Recent editorials have promoted charter schools as a solution to bridging the achievement gap and overcrowding in Fairfax County Public Schools. Unfortunately, this suggestion reflects a lack of understanding of our schools, the students we serve and the academic growth that has been achieved over the past four years. 

Nationally charter schools have not been the panacea that some suggest. The failure rate for charter schools and the subsequent impact on students poses a great risk for students in Mount Vernon and the County. Between 2001 and 2013, 2500 charter schools were authorized and either failed to open or closed. Over 288,000 students were impacted by the closures nation wide. Locally, Washington D.C. saw 26 charter schools shutter programs and campuses between 2012 and 2018. Of these, 18 closed due to academics and 8 due to financial deficiencies.

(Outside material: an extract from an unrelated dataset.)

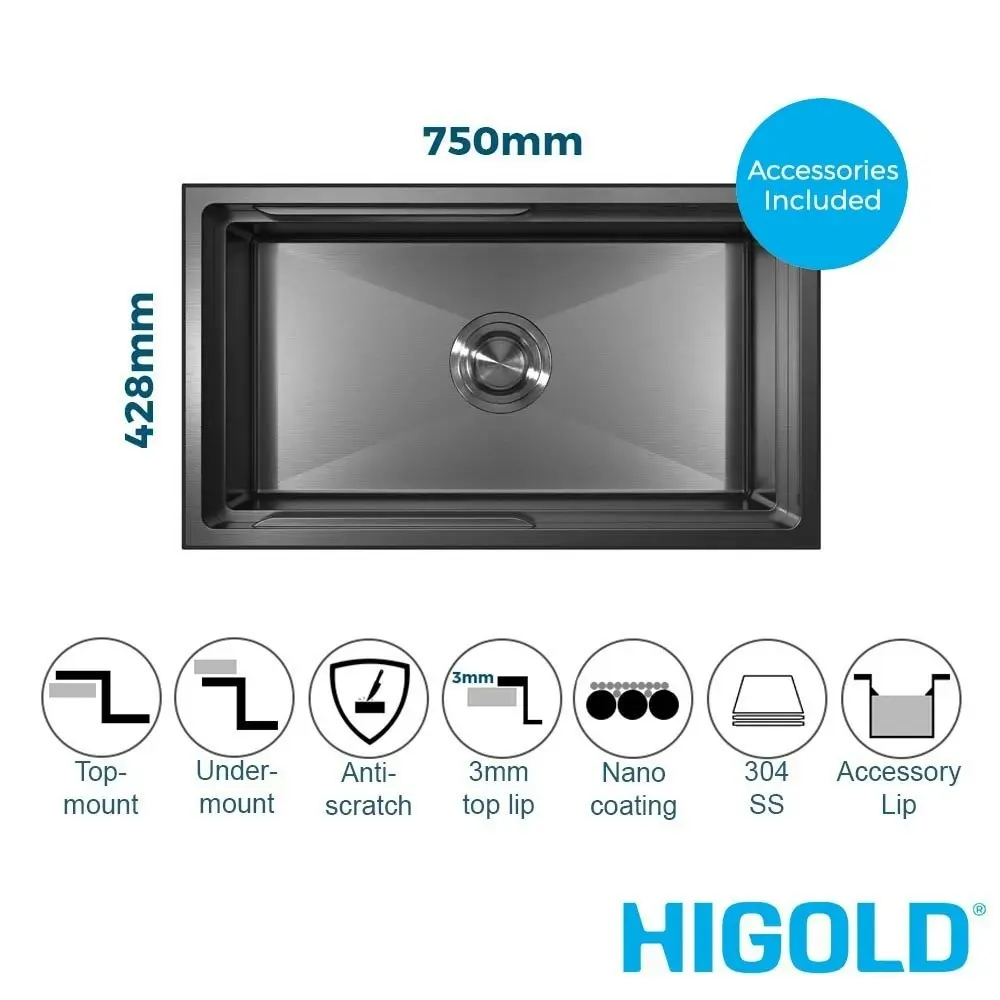 Higold Piniz 75cm Single Bowl Workstation Kitchen Sink - PVD Gunblack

According to a 2014 Tulane University study, the risk of disrupted school education caused by a charter school closure is 2 ½ time that of a public school student. Closures impact the dislocated students tremendously including decreasing the chance of graduating from high school by 10%. 

The 2016 GradNation Report showed that on average charter schools have an on-time graduation rate of 70%, with 30% of all charter schools graduating less than 67% of their carefully selected students. Fairfax County Public Schools graduates 91.5%. of its students on time. 

A University of Illinois study identified school closures as a contributing factor to high rates of youth incarceration. At a time, when the current School Board has focused on stopping the school to prison pipeline by adopting a new School Resource Officer MOU and changing our discipline policy to focus on partnering with parents, changing behaviors and keeping kids in school, introducing a high risk policy such as charter schools would undermine the progress we are making.

A fundamental difference between charter schools and public schools is that here in Fairfax County Public Schools we educate all children that come to our doors. Charter schools select the students they want to educate and those that they choose to show the door. Statistically, charter schools have not demonstrated a greater success in closing the achievement gap than public schools. The most recent reports from Ohio demonstrated that although charters make up 10% of the schools in Ohio, close to 40% of the schools that received F grades for closing the achievement gap were Charter schools. 

Here in the Mount Vernon Magisterial District, our school staff are focused on ensuring that each child is able to achieve their potential. Achievement gaps continue to be a challenge here, across the county, the state and the country. However, progress has been made over the past 3 years because of our targeted interventions and supports under the Project Momentum program. Preliminary results show improvements have exceeded 10% at a number of schools in multiple categories including: 

  • Belle View ES increased scores for Black students in English 13% and math by 28%. 
  • Bucknell increased scores for students with disabilities in English 33%, black students in math 13%. 
  • Fort Hunt improved scores for black students in English by 14% and 22% in Math, economically disadvantaged by 13% in English and 24% in Math, 16% for Hispanic students and 17% for students with disabilities. 
  • Gunston’s increased scores for students with disabilities narrowed by 13% and math by 10%, 
  • Halley increased scores for black students by 18% in math.  
  • Laurel Hill increased scores for Hispanic students in English by 10% and math by 13%, and black students by 12% in Math and economically disadvantaged by 13%, 
  • Lorton Station’s increased scores for students with disabilities by 12% in math. 
  • Mount Vernon High School increased scores for Hispanic students by 10% in English, students with disabilities scores improved in English by 22%. 
  • Sandburg increased scores by 30% for English learners and 14% for students with disabilities in English, 15% for Black students, 10% for economically disadvantaged and 37% for English learners and 17% for students with disabilities in math. 
  • Saratoga increased scores for black students 16% in English and 22% in math, economically disadvantaged by 15% in math, students with disabilities by 12% in English and 16% in math, at 
  • Whitman increased scores for English learners in English by 14% and 20% in math, black student gaps by 14% in math and students with disabilities by 24% in math. 
  • Woodley Hills increased scores for students with disabilities 17% in math.

Now is the time to stay the course, and focus on providing our students the world class education that they deserve.